About EMP and other transient protection for your generator:
Most portable generators are in pretty good shape, even for nuclear EMP, as long as no external wires are connected to them. This means don't plug in extension cords or other items into a portable generator until you actually need them. Leaving an unused portable generator with an extension cord plugged into it is just like connecting an EMP antenna to the interior.
For whole-house generators: At a minimum, you should have a voltage transient suppressor at the input (electric power grid side) of your transfer switch. If you don't have the time or money to search for and purchase a suppressor that is fast enough for EMP, at least have the electrician install a lightning protector on the input to your transfer switch.
Voltage transient protectors that are fast enough for nuclear EMP are made by Transtector and SOLA. These will only block the EMP coming in on the power line, but this is the most important part of the pulse. Voltage spikes coming in from the main power lines from a nuclear EMP would range from many thousands to a million volts or more. In addition, if you live in a lightning-prone area, then lightning-induced power line spikes are likely to destroy unprotected generator electronics sometime within the normal lifetime of your generator. There is always good transient protection built into the generator electronics, but that "good" transient protection is nearly always inadequate, even under normal conditions.

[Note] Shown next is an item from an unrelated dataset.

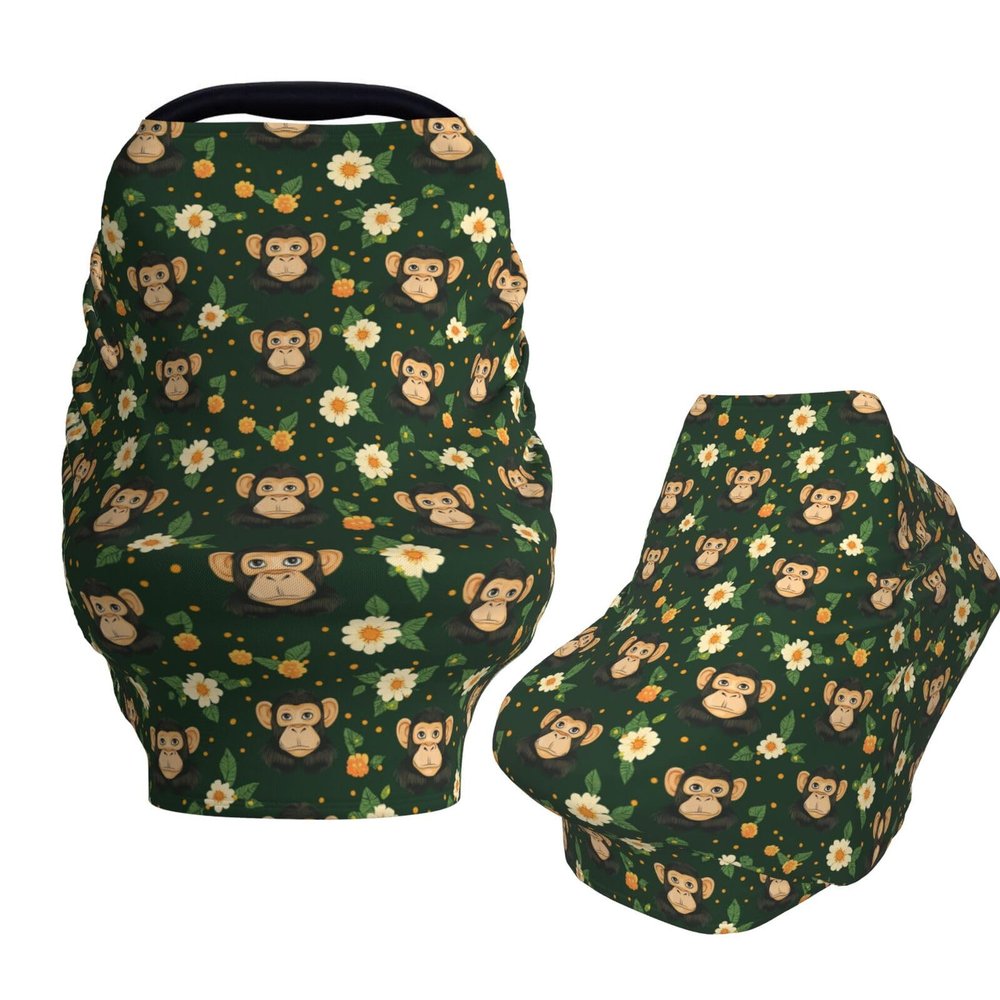 Muishi Monkey Flowers and Dots Baby Car Seat Covers Carseat Canopy Soft Infant Stroller Cover Nursing Breastfeeding Covers for Girls Boys Newborn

The excellent EMP power line transient suppressors by Transtector have gotten very expensive in recent years. Most Transtector transient suppressors are now more than a thousand dollars each. SOLA makes good transient protectors for half the price of the Transtector units. The SOLA model STV 100K-10S is an excellent unit made for the 120/240-volt systems that are the most common for U.S. residential use. It costs around $570. This model will also work on residential systems in many other countries. It will have to be wired in by an electrician.
Ideally, in addition to the power line input side of the transfer switch, there should also be one on the load side (the output going to your house). This one is less important that the power line side transient suppressor. I've been looking for a good place for readers of this page to buy the SOLA or Transtector units, but for now, you will either have to look around on the web, or ask your electrician if he is able to purchase it.

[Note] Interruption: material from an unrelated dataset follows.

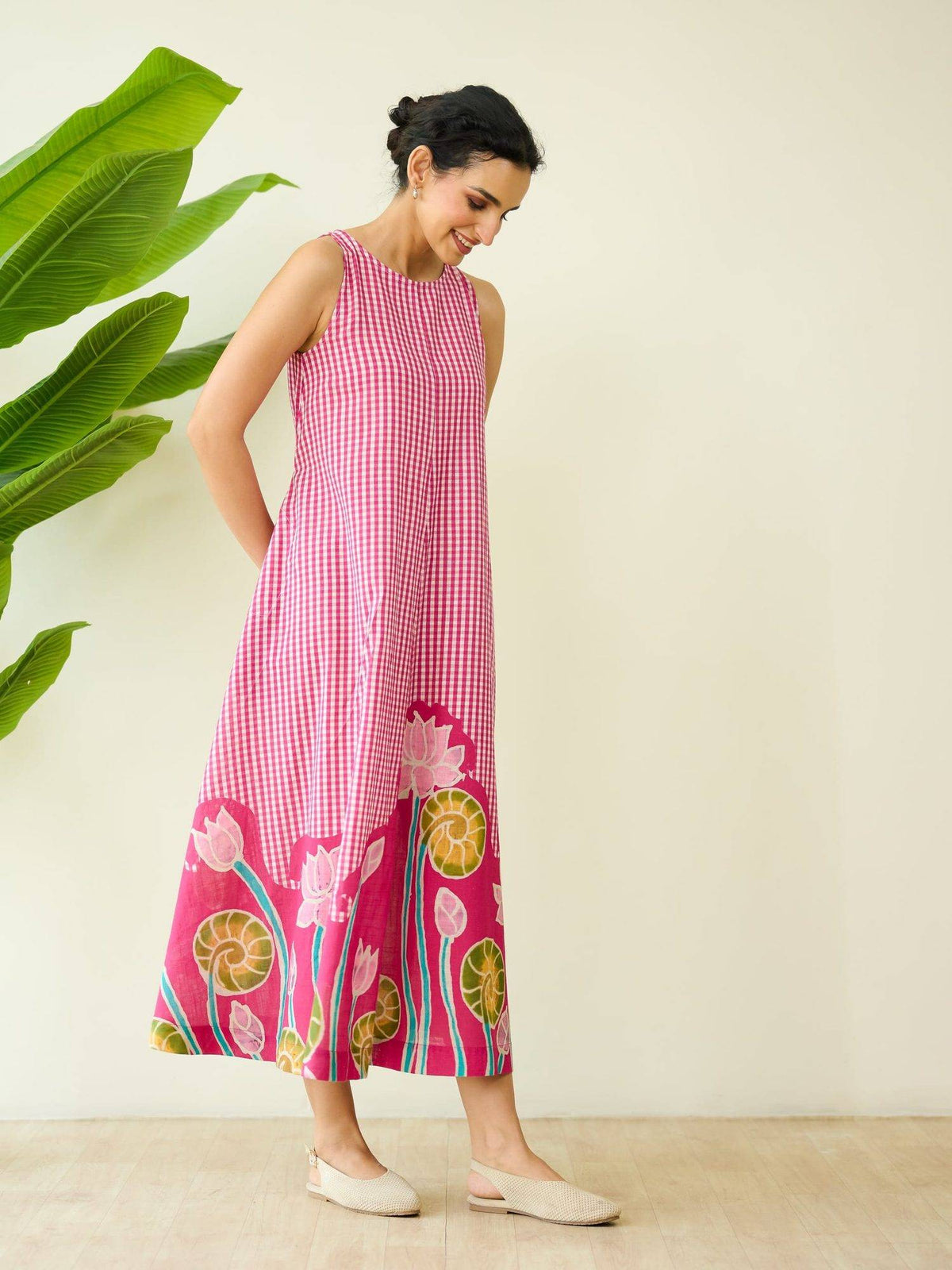 Pink Mrinal Slub Cotton Summer Dress | D56 - view 5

In addition to voltage transient protection for your generator, especially if you have a whole-house stationary generator, it is important to have transient protection for the critical and more sensitive electrical and electronic items in your house. Every time that your transfer switch switches the power either to the generator or back to the main power, it will create a voltage spike in your entire house. Put at least an inexpensive consumer-type "surge suppressor" on every piece of important electrical device in your home. Inexpensive surge suppressors have gotten much better in the past few years, and every one of them that you use will eventually pay for its cost. (You won't realize that the surge suppressors are paying for themselves because you won't know about the electronics that you would have been replacing due to premature failure.) Try to get an outlet surge protector that is rated at at least 3000 joules, but any surge suppressor is better than nothing. Even the electrical outlets that you use for charging things like laptop computers and cell phones should have a surge suppressor.